Temos dois desdobramentos possíveis diante da tragédia que nos solapa. Podemos sucumbir e, resignadamente, vestir a mortalha que nos engessa como cidade triste, calada e submissa. Mas também podemos reagir, confortar as famílias enlutadas, investigar e punir os culpados, e fortalecer nossa autoestima turbinando aquilo que já está no DNA santa-mariense: a nossa imensa capacidade de refletir, questionar e intervir criativamente no nosso cotidiano. O que somos, senão uma cidade vocacionada para o debate, para o cotejo de ideias, para a diversidade, para a liberdade de pensamento estimulada pelo ambiente universitário? Temos um dever ético, assumimos uma hipoteca moral com mais de 200 jovens que trabalhavam ou estudavam em Santa Maria para abrir a porta do futuro. O que é preciso para isso? Lembrar, lembrar e lembrar.

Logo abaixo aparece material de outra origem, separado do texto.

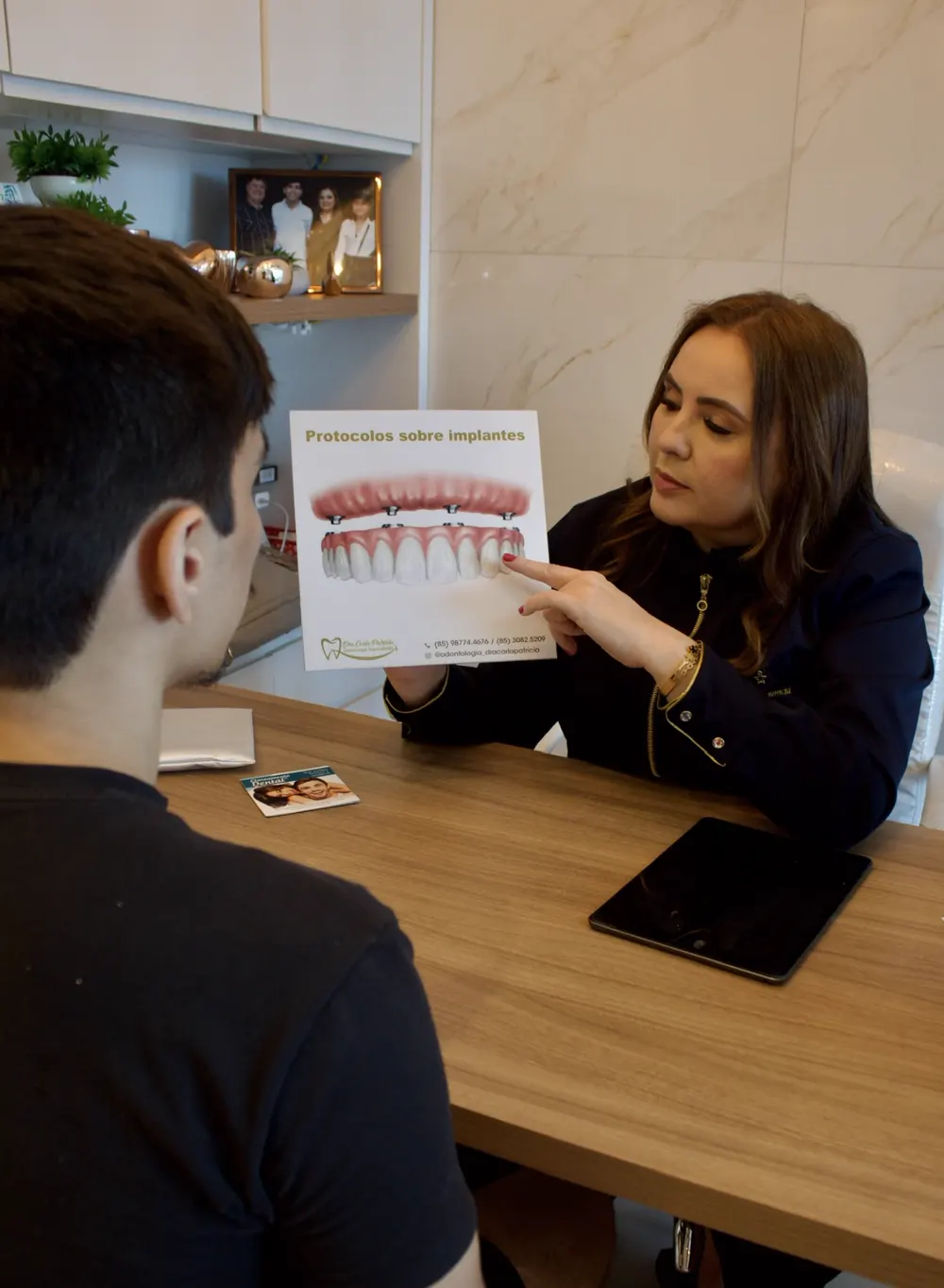 Dra. Carla Patrícia explicando um material sobre implantes para um paciente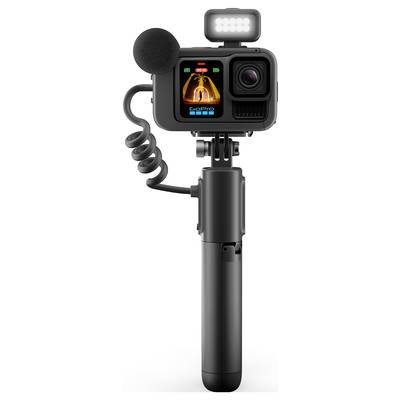 Compact action camera with display, microphone, LED light and grip. Ideal for outdoor videography and vlogs.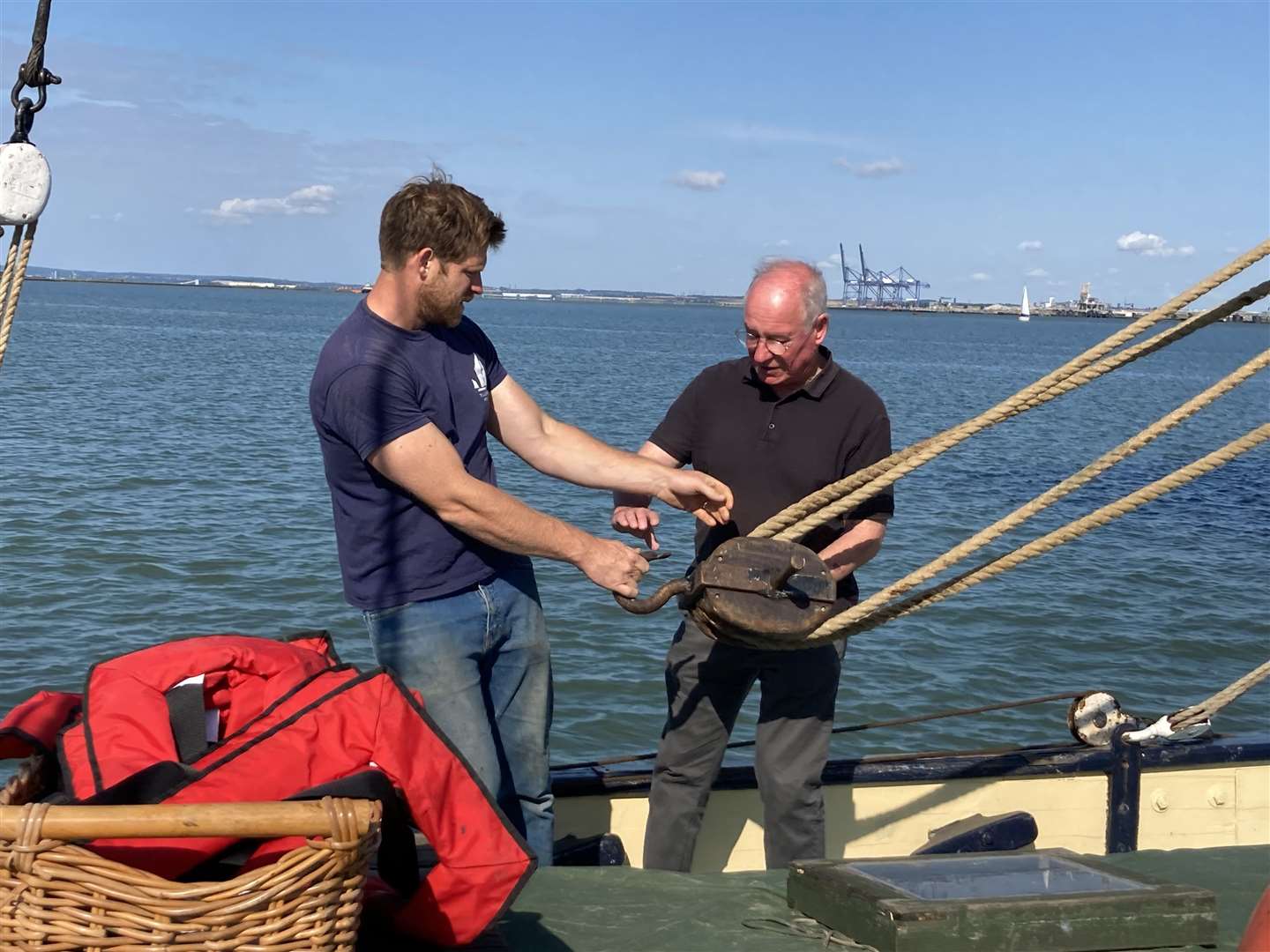 Richard Murr gets some instruction from Ed Gransden aboard the Thames sailing barge the Edith May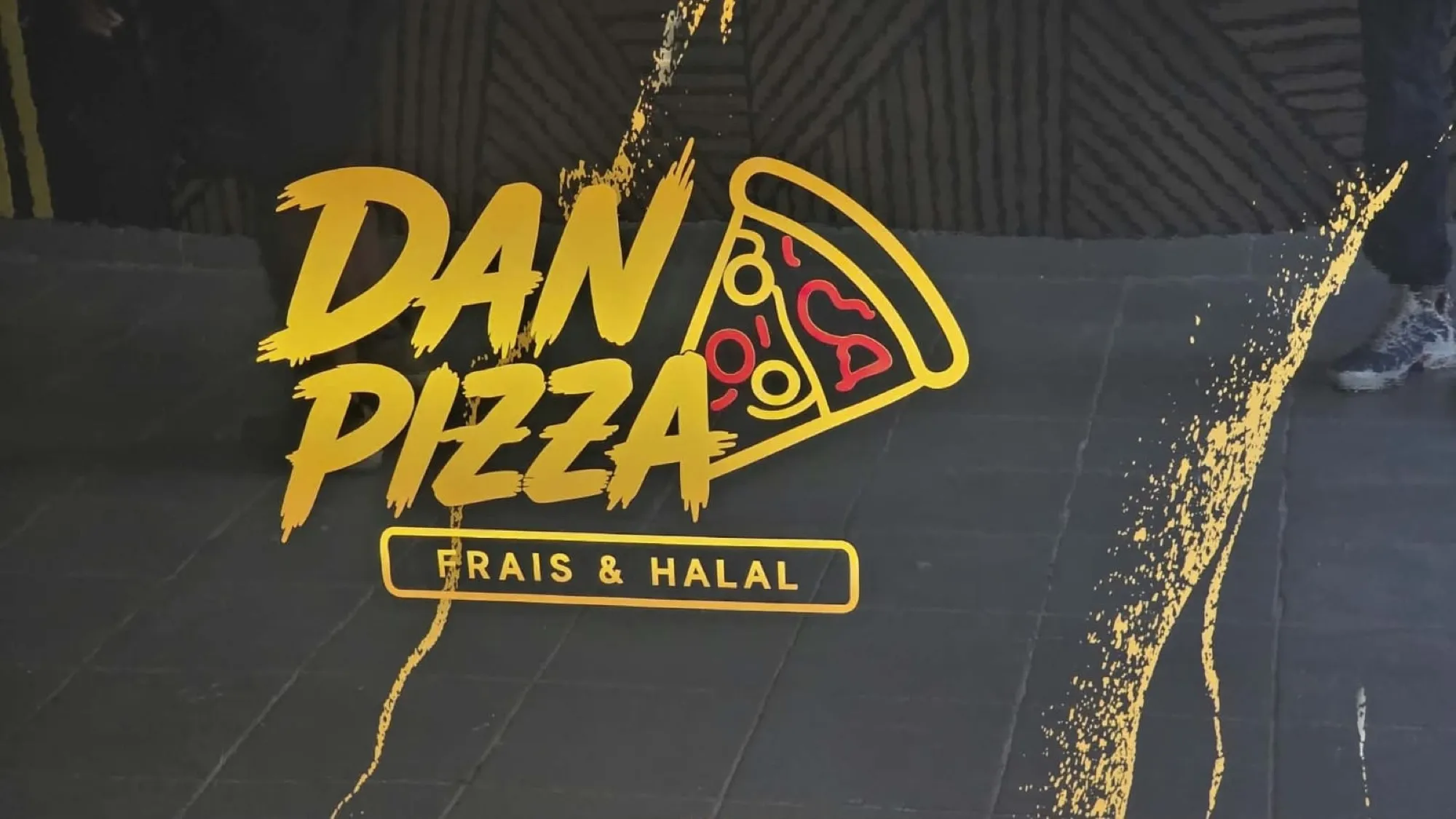 Comptoir de la pizzeria Dan Pizza habillé du logo en lettrage doré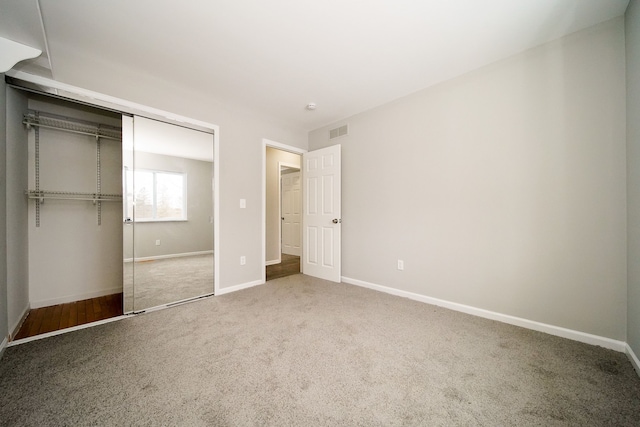 unfurnished bedroom with carpet floors and a closet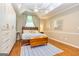 Main bedroom with hardwood floors, built-in closets, ceiling fan, and stylish decor at 306 Sandalin Ln, Peachtree City, GA 30269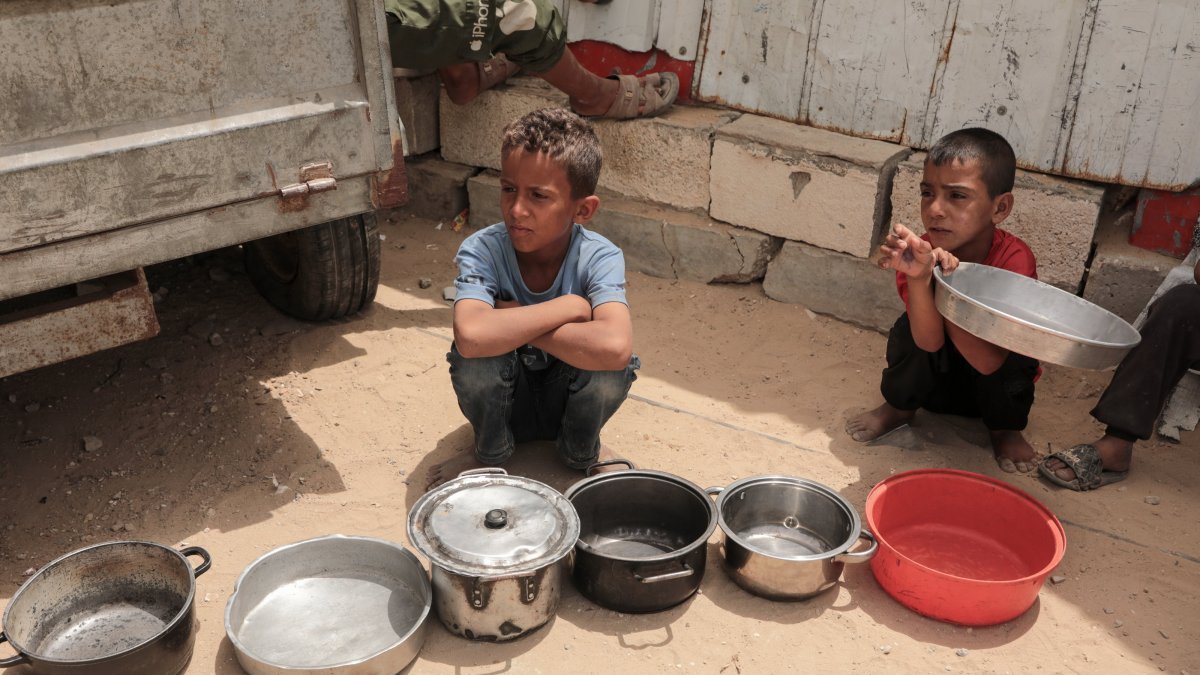 Palestinian children in camps wait in line for food aid, Gaza City, Palestine, May 18, 2026. (AA Photo)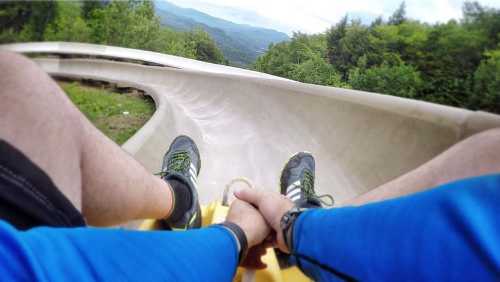 A person's legs on a luge track, holding hands with another person, with mountains in the background.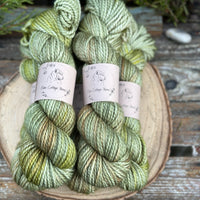 Five skeins of green yarn with washes of brown and yellow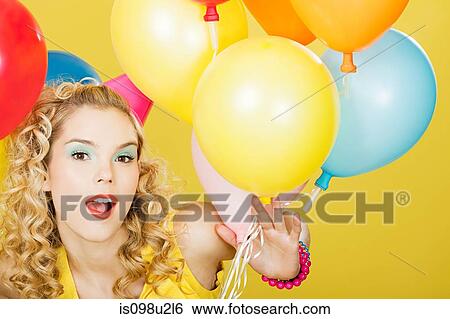 Stock Photograph - Young blonde woman with balloons against yellow background. Fotosearch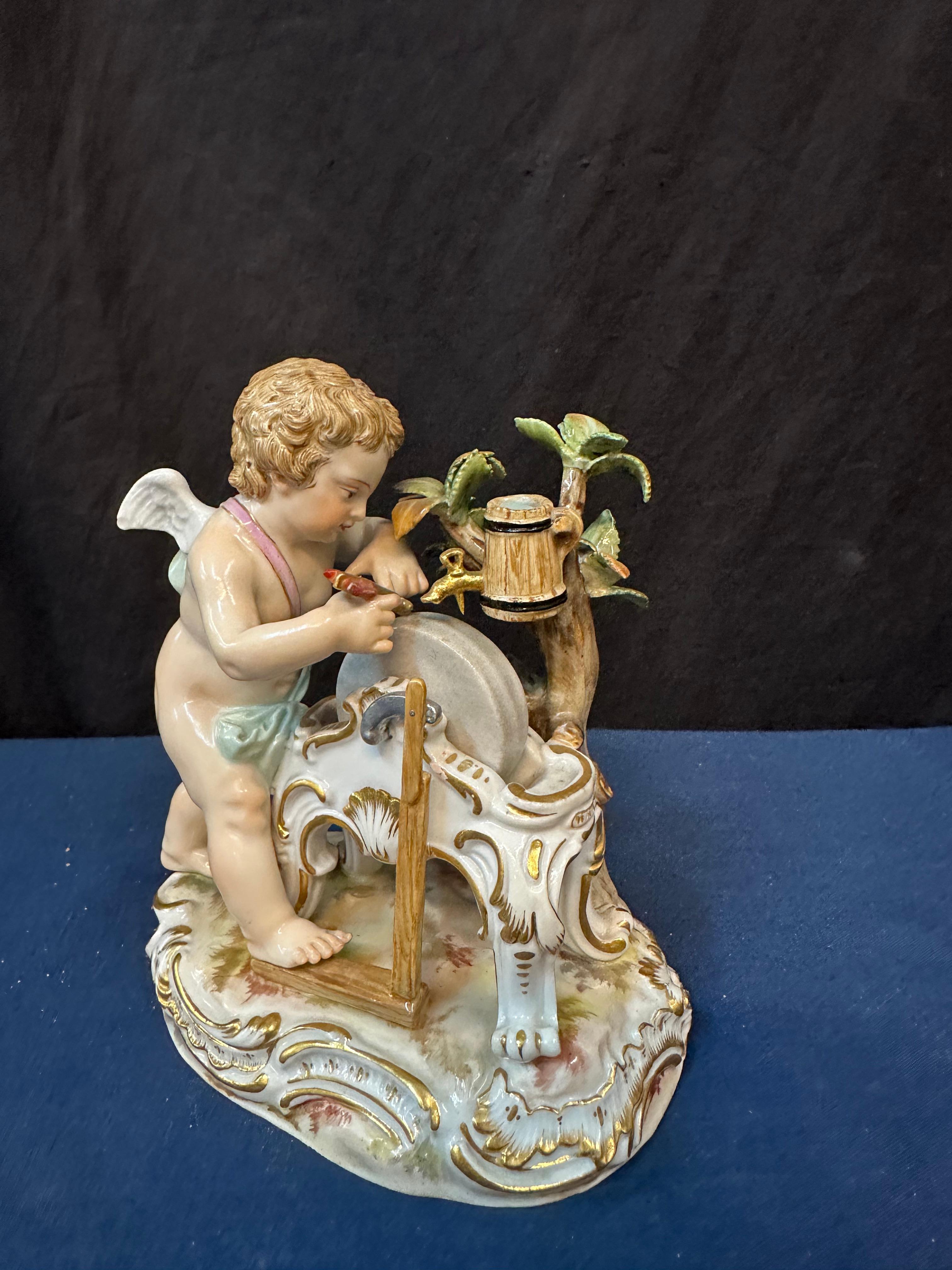 This vintage Meissen curio cabinet porcelain dates from the late 19th century. The charming beautifully hand painted sculpted cherub is working his grinding wheel sharpening love arrows. The soft, though vivid, hand coloration accentuate his face &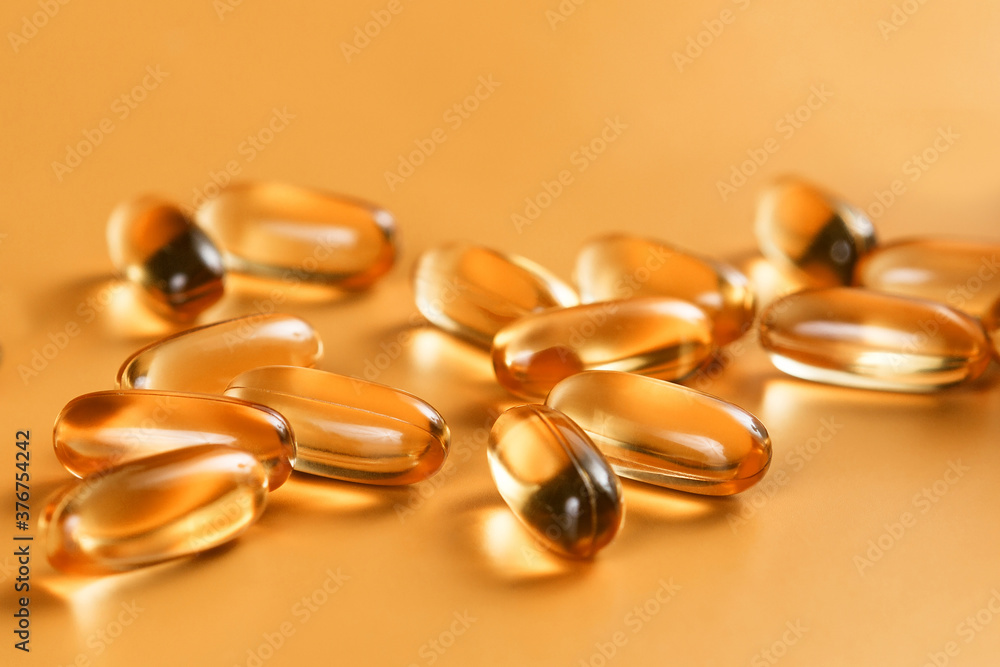 Many capsules Omega 3 on yellow background. Close up, high resolution product. Health care concept. Many capsules Omega 3 on yellow background. Close up, high resolution product. Health care concept.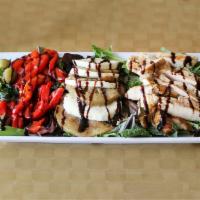 Scotto Salad · Spring mix lettuce with grilled eggplant, roasted peppers, fresh mozzarella cheese with gril...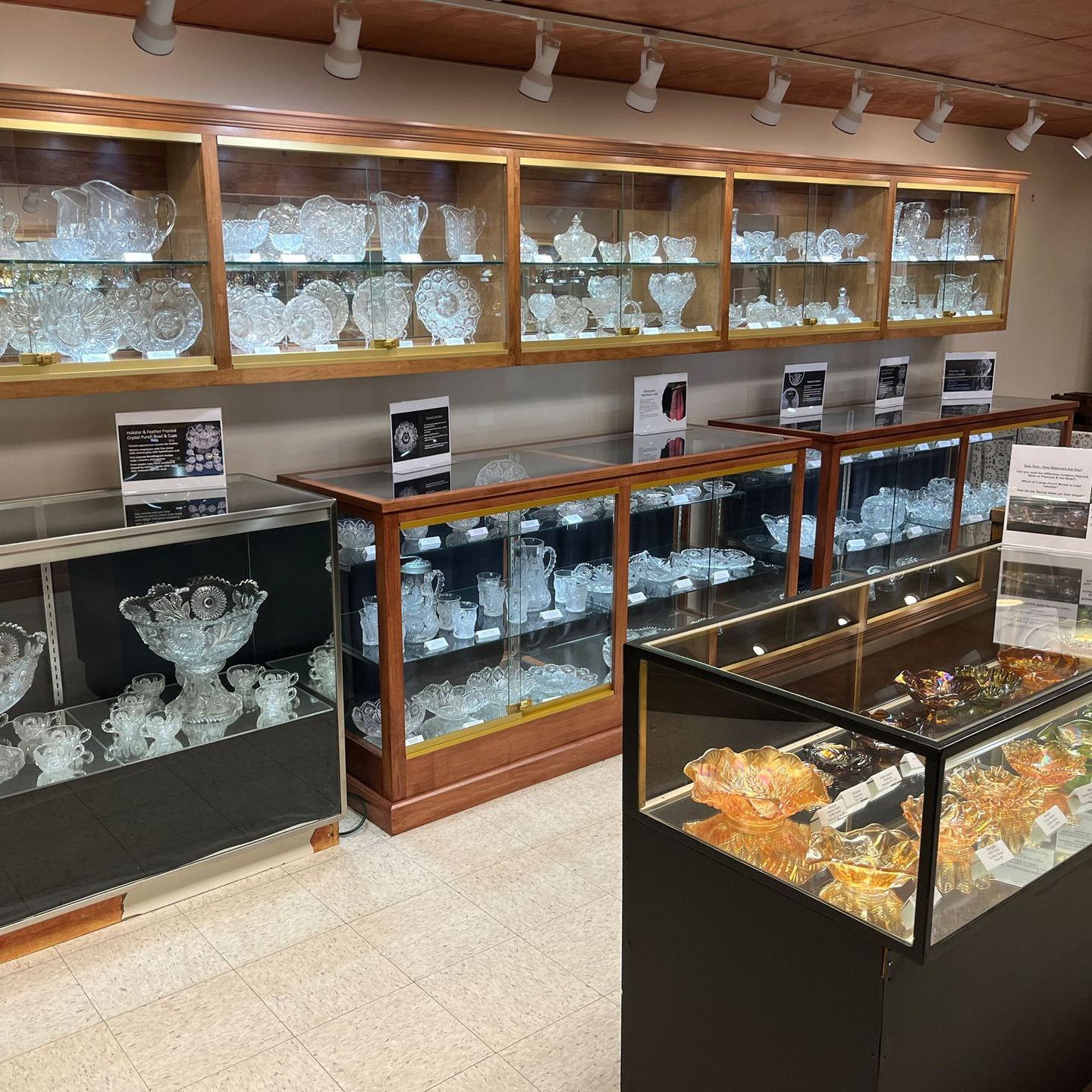 Crystal glassware displayed in lit cabinets and glass display cases in a store.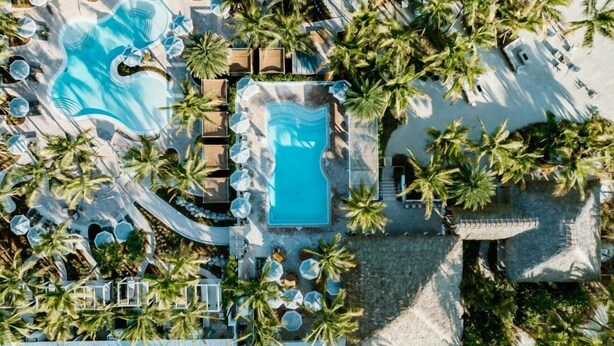 An aerial view of a resort with two swimming pools surrounded by palm trees and sun loungers. - Islander Resort (Islamorada)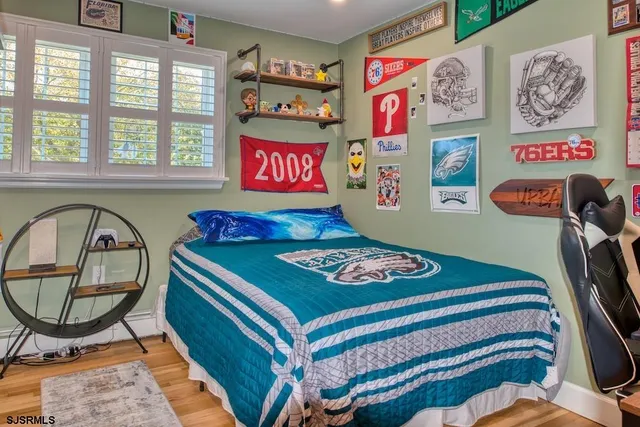 a bedroom with a bed and a painting on the wall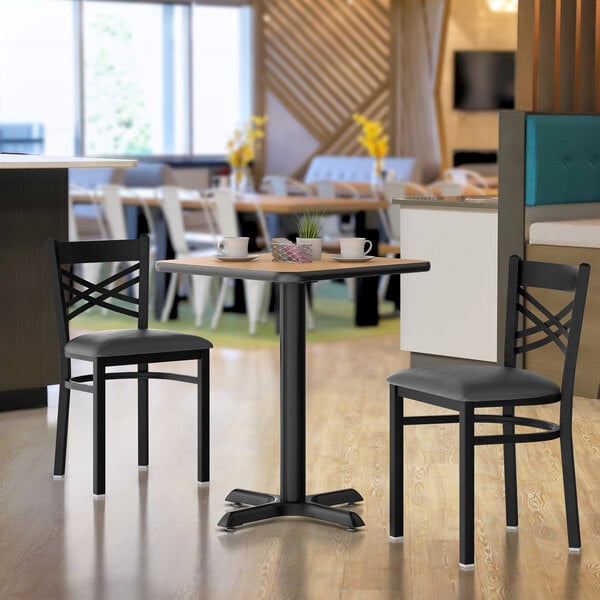 A Lancaster Table & Seating table with a walnut top and oak base next to two black chairs.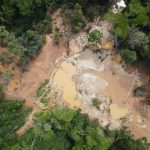 Evading Taxes, Miners Leave Behind Death Traps and Polluted River Drone shot of Golden Trip's mine in Kpeteyea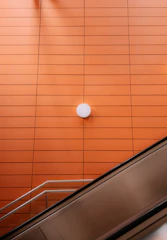 Before and after shot of a renovated commercial lobby, featuring sleek surfaces and safety orange accent lighting.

Só se supera um trauma dessas proporções evitando o esquecimento. Todas as nações e grandes cidades que vivenciaram guerras, catástrofes e massacres fortaleceram sua identidade com a memória dos erros do passado a iluminar o caminho do amanhã. Temos de fazer o mesmo. O prefeito Cezar Schirmer tomou a decisão certa ao anunciar a construção de um memorial da tragédia. Não sei de que maneira ele pretende fazer isso, mas, em minha opinião, o que tem de ser feito é a desapropriação do terreno da boate Kiss, a consequente demolição do prédio e a abertura de um concurso público convocando artistas e arquitetos a propor projetos de um memorial, um monumento para homenagear os jovens mortos, com o nome de cada um deles de alguma forma perenizada, e que nos leve a pensar em nós, no zelo que um país tem de ter para com a sua juventude. Jamais esquecer uma tragédia é a única forma de evitar que ela se repita.